Darf ich bitte eine Frage stellen? In high school, my German teacher (From Austria) said that if "das" is being used to say "this/that" as opposed to "the", it is to be spelled "dass", note the two "s"'s... Is this the Austrian way of doing things, or has there been a spelling reform, or what???


Don't know about Austrian but I think that in German dass is only used as that in a purely grammatical function. It is a connector.

My English sentence I just used in this post says....I think that in German....

In that sentence that does not refer to anything. It is simply a grammatical concept used to connect the concept of ...I think .... to the rest of sentence ....in German.....

Basically I'm saying that dass is used to represent that only when that doesn't actually mean anything in itself. So your teacher was correct. When using that purely as a connector where it does not actually refer to anything, you use dass.

Otherwise use das.

That (das) is my understanding, that (dass) the difference is as I explained.


The way I remember it is I think, "Pferd = preferred = my preferred horse".

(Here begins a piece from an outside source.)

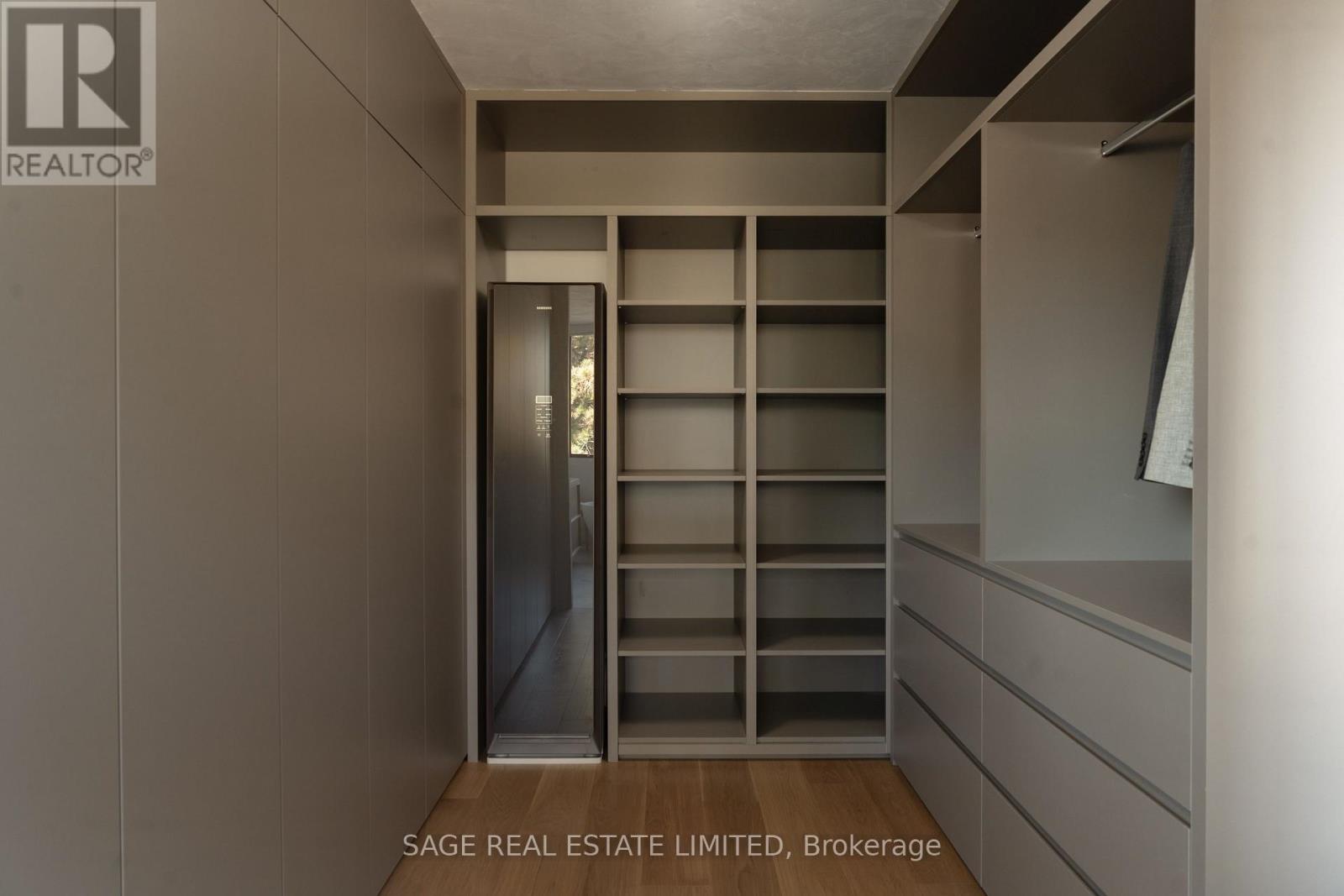 38 Ravensbourne Crescent, Toronto, Ontario  M9A 2A8 - Photo 33 - W12428688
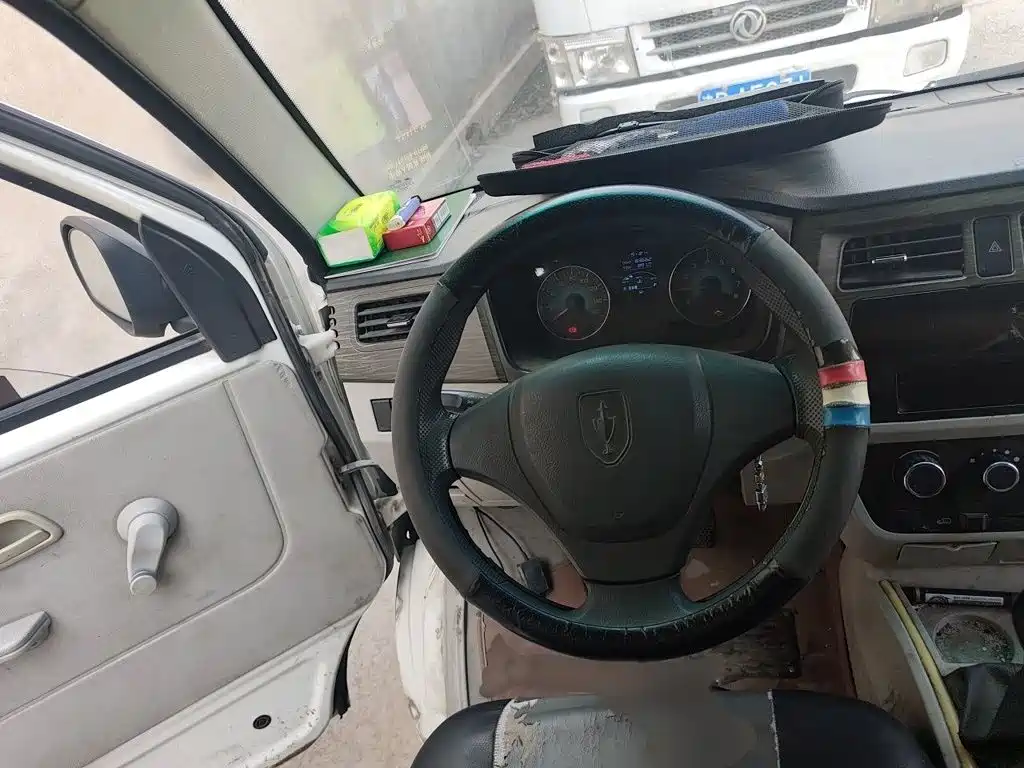 Jinbei New Hiace X30L 2021 2019 1.5L Van Fortune Edition China VI SWC15M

Can someone please explain why it's 'Das ist mein Pferd' and not 'Das ist meinem Pferd' in the Dativ case?


In this case Pferd is in the nominative case.

With the various forms of the verb to be. the subject and what looks a bit like the object are actually the same thing. Whatever this ends up being, it is the horse. The sentence tells us that. That means whatever the horse is, it is this. This and the horse are the same thing in this sentence so they are treated the same. That feature also applies to whatever modifies them.

Pferd is subject/nominative even though it is placed where we expect objects to be, so therefore the modifier mein is as well.

If you are interested in the technical terms and grammar rules about this, check out complement and copula on some English grammar pages.

For it to be dative, as you suggest, the sentence would have to say that some action of the verb was being done to, for, at, in, by, with etc. the horse. But in this sentence it is the verb to be. There is no action or event concerning the horse (direct object/accusative) or .....(insert a preposition from the list I mentioned here)... the horse (indirect object/dative).

Some prepositions in German require the accusative case for what follows. Some prepositions require dative. Some take both. The better your understanding of the use of dative/accusative in English, the shorter the lists that you will have to memorize. If you know that with generates the dative in English and you know that mit means with, you won't have to include mit on any memory list because you already understand why mit takes the dative case in German.


Thank You for taking the time to explain that for me. I really appreciate it. :) So for example this would be nominative 'das ist mein Sohn' and 'ich gehe mit meinem sohn' in dative, is that correct?


Now you've got it.


My horse is amazing


Wouldn't it be more accurate to translate it to "That is my horse." Rather than "This is my horse." It sounds like you're introducing the horse to me.


In English there is "that's" for "that is". Is there something like that in German?

[deactivated user]

    Hi, nice to meet you! This is my horse.


    I'm amazed to not see any comments about Blackadder here.


    Das means: The, That, and This? Is that correct? If I'm wrong I apologize, and hope to be corrected.


    Why does das here means this, and not That?